I'm not at all clear on what Putin gains with expansion. Russia has way more land than they need. Their population has been flat since the 80s. Their military is already depleted and skeletal. Anyone who's played Diplomacy understands that if you spread too thin as you expand into your neighbors, they will keep taking back your gains like we see here. Complete occupation is clearly out of the question at this point, they're going to keep fighting over a stolen sliver here and there. No ego has been satisfied here, nor will it be.
According to Peter Zeihan, it's not so much that Russia needs more _land_ but that its current land is difficult to defend militarily given the facts of its geography. I'm not necessarily defending Zeihan's view, but simply claiming that there is some analysis which suggests there's a strategic benefit for Russia here. (or perhaps there would have been back when they thought the war would be easy) And let's also not forget the importance of Crimea with regard to Black Sea shipping. It's also the case the the "Kievan Rus" has quite a bit of historical and cultural importance to some in Russia.
Now to be clear I'm completely opposed to the war in Ukraine, and I'm quite happy to see Russia getting pushed back. My hope would be that Ukraine takes back all of its remaining territory. But, I think there are at least some justifications that could have made sense for someone who thought the war would be easy, and who did not care about the human cost either side would bear.
Agriculture, industry, even more oil and gas, a pretty big economy and population, a better climate than most of Russia. And a place at the center of Europe instead of the periphery.

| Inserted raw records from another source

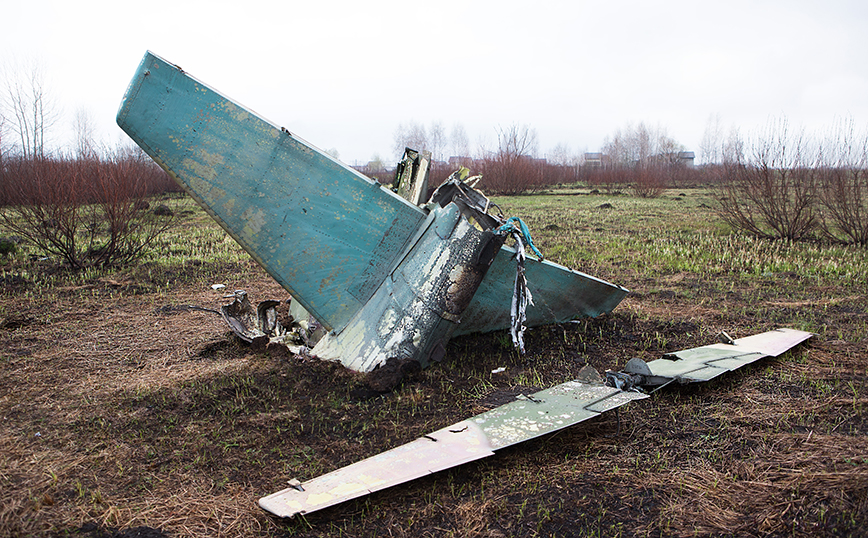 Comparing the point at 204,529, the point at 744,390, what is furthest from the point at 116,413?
the point at 744,390

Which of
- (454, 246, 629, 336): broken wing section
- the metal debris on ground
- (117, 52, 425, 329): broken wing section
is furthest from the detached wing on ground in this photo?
(117, 52, 425, 329): broken wing section

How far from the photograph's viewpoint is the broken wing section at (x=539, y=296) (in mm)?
5035

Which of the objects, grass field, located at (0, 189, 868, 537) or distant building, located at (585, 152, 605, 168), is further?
distant building, located at (585, 152, 605, 168)

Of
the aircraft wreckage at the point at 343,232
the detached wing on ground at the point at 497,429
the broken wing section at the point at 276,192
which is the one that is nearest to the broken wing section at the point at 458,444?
the detached wing on ground at the point at 497,429

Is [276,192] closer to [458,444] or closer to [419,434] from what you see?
[419,434]

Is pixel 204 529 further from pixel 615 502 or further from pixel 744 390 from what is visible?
pixel 744 390

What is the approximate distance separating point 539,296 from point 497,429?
214cm

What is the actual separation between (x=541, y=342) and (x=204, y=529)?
340cm

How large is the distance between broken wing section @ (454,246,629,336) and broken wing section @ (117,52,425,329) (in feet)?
3.09

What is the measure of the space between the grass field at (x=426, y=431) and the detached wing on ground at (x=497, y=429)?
4.0 inches

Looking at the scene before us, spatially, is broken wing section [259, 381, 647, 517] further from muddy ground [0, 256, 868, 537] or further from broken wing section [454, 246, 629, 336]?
broken wing section [454, 246, 629, 336]

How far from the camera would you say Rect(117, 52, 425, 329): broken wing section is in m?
4.33

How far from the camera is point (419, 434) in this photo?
3607 millimetres

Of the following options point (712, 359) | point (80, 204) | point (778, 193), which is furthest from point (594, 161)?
point (712, 359) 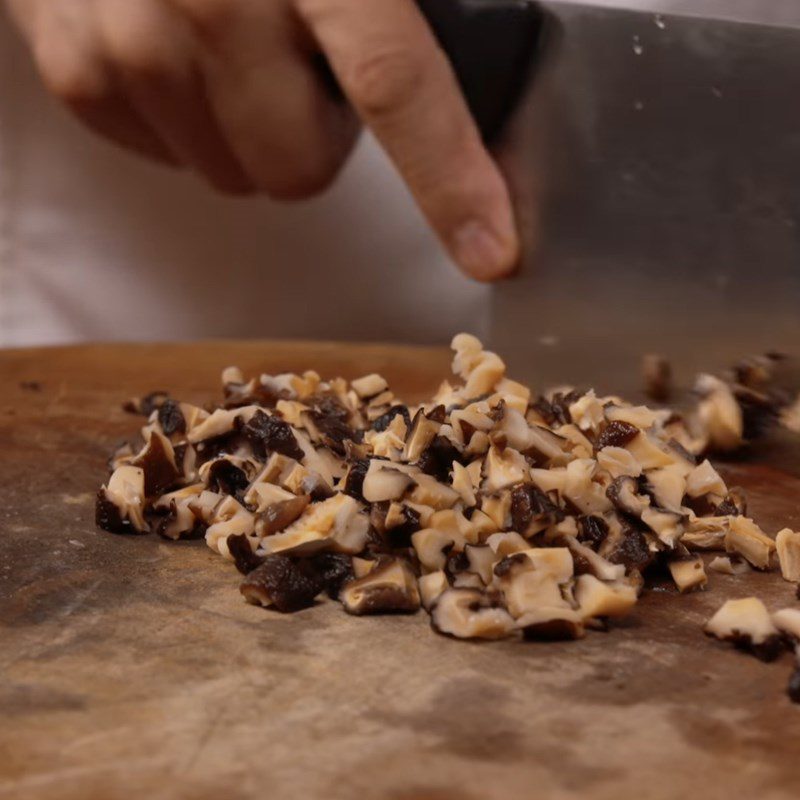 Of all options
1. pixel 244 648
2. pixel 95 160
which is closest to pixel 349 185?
pixel 95 160

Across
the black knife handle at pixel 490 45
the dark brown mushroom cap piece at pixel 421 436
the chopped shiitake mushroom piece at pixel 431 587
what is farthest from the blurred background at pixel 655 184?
the chopped shiitake mushroom piece at pixel 431 587

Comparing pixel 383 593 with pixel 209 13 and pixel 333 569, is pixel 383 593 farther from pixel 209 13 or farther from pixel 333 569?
pixel 209 13

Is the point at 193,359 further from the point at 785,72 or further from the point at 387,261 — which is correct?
the point at 785,72

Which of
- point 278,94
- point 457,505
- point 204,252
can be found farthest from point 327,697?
point 204,252

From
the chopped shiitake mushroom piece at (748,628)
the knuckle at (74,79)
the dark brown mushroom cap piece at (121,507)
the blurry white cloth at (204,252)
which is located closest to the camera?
the chopped shiitake mushroom piece at (748,628)

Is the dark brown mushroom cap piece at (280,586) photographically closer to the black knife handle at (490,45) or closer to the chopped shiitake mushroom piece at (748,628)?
the chopped shiitake mushroom piece at (748,628)

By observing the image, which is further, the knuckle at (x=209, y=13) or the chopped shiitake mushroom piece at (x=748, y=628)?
the knuckle at (x=209, y=13)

Without Ukraine, and probably soon without Transnistria, and maybe even Belarus, Russia can be quarantined and contained. Eventually the Russians will decide they want to be more European than they want to be North Korea.
Personal survival. He needed a war to justify the dismantling of the remaining democratic institutions. That the war lasts plays in his personal interests also.
Why assume it's rational? The Ukraine belonged to the USSR, Russia sees itself as the legitimate successor to the Soviet Union. So the Ukraine and the Baltic states belong to it, as far as Putin sees it.
On the other hand, it is extremely Russian to not surrender no matter how badly it is going and regardless of the cost in human life. Leningrad, Stalingrad, even burning Moscow to keep it from Napoleon. For nationalist purposes, it doesn't matter if the objective is worthless or unachievable.
Like so many other situations, we have to wait for him to die.
What Putin gained was not having a culturally-adjacent country next door with a functioning democracy. That was a threat, not to Russia, but to Putin. He couldn't accept that, because Russians might get ideas about how their culture didn't require a strongman at the top in order to function.
Yet another way in which the US has bungled an overseas conflict. The best time to have strongly supported Ukraine was in the past couple of years leading up to this outcome. Now, if Trump somehow can stop gazing lovingly into Putin's eyes, it will be seen as getting on the bandwagon.
He admires autocrats and aspires to be one, in addition to aligning the US with Russian interests. You think he will get on the Ukraine/NATO bandwagon?
This was one of the rare cases it would have been easier and more in character if the US had just done the right thing. But no.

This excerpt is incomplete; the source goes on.